Antes que me esqueça, chamo-vos a atenção especialmente para a foto de Macuma. Tem para mim um certo interesse do ponto de vista etnográfico. É um documento elucidativo da maneira como as cubatas são construídas. A matéria-prima é constituída por troncos de árvores, colmo e bambu cortado em tiras. Em certos locais, os nativos utilizam argila amassada, que colocam entre os troncos horizontais, presos aos verticais por meio de tiras de fibras vegetais. Deste modo, depois do barro seco, obtêm uma parede estanque e resistente. O telhado, com armação de troncos, é depois aparado nos bordos e coberto de capim. Quando tiver a máquina reparada, procurarei documentar-me mais rigorosamente acerca dos costumes indígenas.

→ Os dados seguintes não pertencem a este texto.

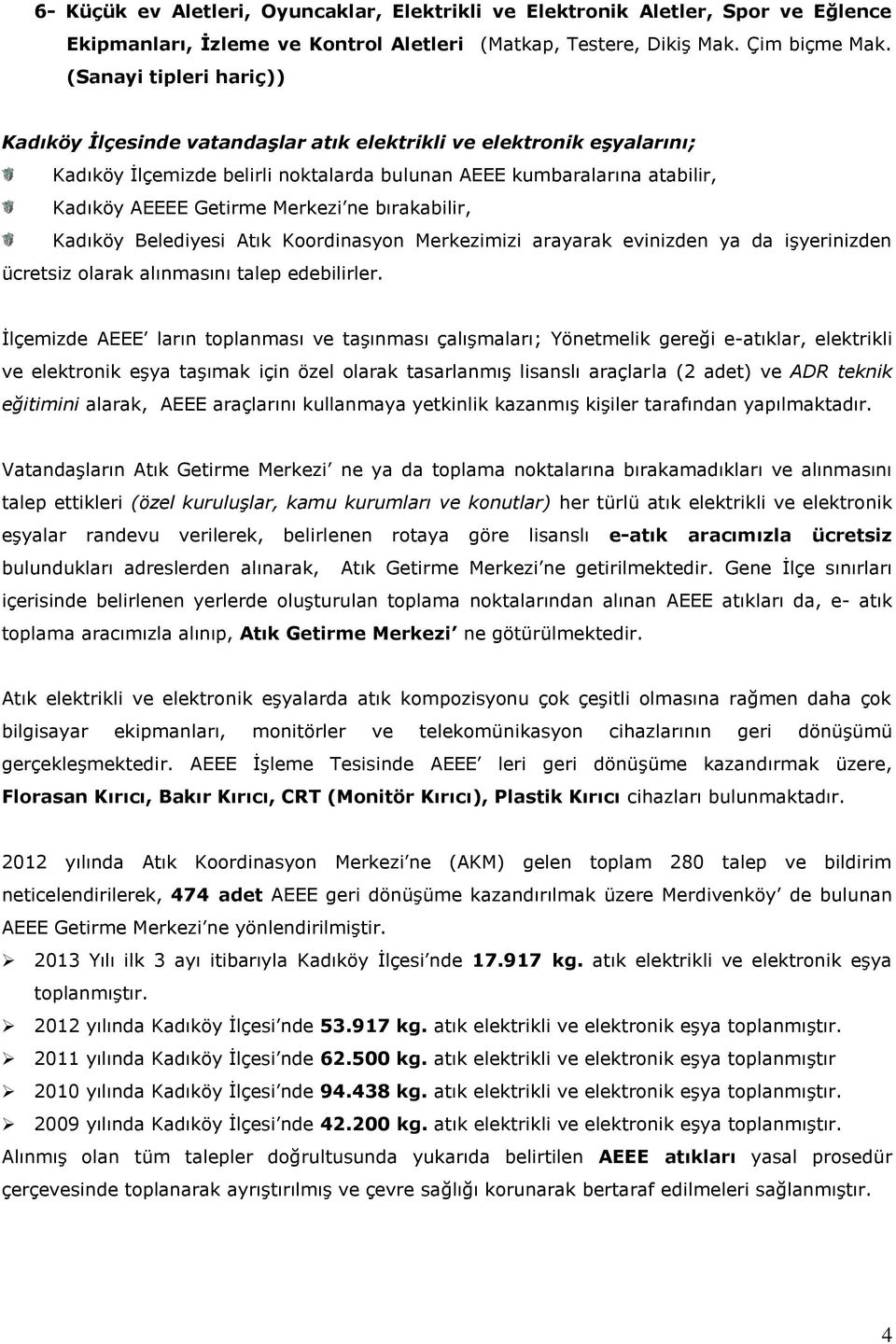 ne bırakabilir, Kadıköy Belediyesi Atık Koordinasyon Merkezimizi arayarak evinizden ya da işyerinizden ücretsiz olarak alınmasını talep edebilirler.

Antes de me despedir dos pais, tenho apenas a registar um aerograma escrito para um camarada que está na Guiné. A particularidade desse aerograma é que o meu amigo pratica o culturismo. Para brincar com ele, um quarto do aerograma foi ocupado com um desenho, do qual guardei um duplicado a químico, que vos envio. É um desenho engraçado, com um casal todo nu a saltar à corda em cima de um colchão de molas. E, no meio do salto, diz a miúda: «Vês porque só podíamos casar um com o outro? Se não fôssemos ambos ginastas e apaixonados pelo culturismo (e CULTURISMO foi grafado com letras maiúsculas!), como é que nos arranjaríamos na nossa intimidade?»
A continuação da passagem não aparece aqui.